If n≥8, and the coefficients of $\displaystyle x^7$ and $\displaystyle x^8$ in the expansion of $\displaystyle (3+x/2)^n$ are equal, what is n?
I equated the coefficents, but end up with n being 8.03 something, which can't be right.
Any help?
If n≥8, and the coefficients of $\displaystyle x^7$ and $\displaystyle x^8$ in the expansion of $\displaystyle (3+x/2)^n$ are equal, what is n?
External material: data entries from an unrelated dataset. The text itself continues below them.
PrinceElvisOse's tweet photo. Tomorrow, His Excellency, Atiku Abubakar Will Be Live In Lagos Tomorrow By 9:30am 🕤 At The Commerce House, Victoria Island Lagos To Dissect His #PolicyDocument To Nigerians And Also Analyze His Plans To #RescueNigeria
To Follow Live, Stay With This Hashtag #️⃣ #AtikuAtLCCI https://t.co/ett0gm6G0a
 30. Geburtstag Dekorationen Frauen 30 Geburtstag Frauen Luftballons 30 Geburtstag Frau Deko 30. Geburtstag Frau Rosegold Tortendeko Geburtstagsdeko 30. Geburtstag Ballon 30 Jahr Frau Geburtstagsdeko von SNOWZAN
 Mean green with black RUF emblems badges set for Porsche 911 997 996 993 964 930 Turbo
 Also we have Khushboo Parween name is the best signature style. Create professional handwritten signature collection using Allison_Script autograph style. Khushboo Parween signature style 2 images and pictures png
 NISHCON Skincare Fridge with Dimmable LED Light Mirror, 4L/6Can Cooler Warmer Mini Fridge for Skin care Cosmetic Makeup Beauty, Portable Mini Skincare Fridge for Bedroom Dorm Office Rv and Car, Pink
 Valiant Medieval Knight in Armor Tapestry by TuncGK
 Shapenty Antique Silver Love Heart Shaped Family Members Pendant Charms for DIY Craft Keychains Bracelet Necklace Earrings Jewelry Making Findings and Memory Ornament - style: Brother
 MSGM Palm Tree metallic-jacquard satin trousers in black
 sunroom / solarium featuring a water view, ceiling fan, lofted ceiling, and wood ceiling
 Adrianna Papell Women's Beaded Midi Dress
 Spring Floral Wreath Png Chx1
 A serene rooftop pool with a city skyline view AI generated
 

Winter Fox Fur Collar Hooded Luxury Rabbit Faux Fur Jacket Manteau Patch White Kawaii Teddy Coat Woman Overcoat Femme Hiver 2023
I equated the coefficents, but end up with n being 8.03 something, which can't be right.
Any help?
$\displaystyle
\left( {3 + \frac{x}
{2}} \right)^n = \sum\limits_{k = 0}^n {\left( {\begin{array}{*{20}c}
n \\
k \\
\end{array} } \right)3^k \left( {\frac{x}
{2}} \right)^{n - k} }
$
now we equate the aforementioned coefficients:
$\displaystyle
\left( {\begin{array}{*{20}c}
n \\
{n - 7} \\
\end{array} } \right)3^{n - 7} \left( {\frac{1}
{2}} \right)^7 = \left( {\begin{array}{*{20}c}
n \\
{n - 8} \\
\end{array} } \right)3^{n - 8} \left( {\frac{1}
{2}} \right)^8
$
$\displaystyle \begin{gathered}
\Leftrightarrow 6\frac{{n!}}
{{7!\left( {n - 7} \right)!}} = \frac{{n!}}
{{8!\left( {n - 8} \right)!}} \hfill \\
\Leftrightarrow 48 = n - 7 \Rightarrow n = 55 \hfill \\
\end{gathered} $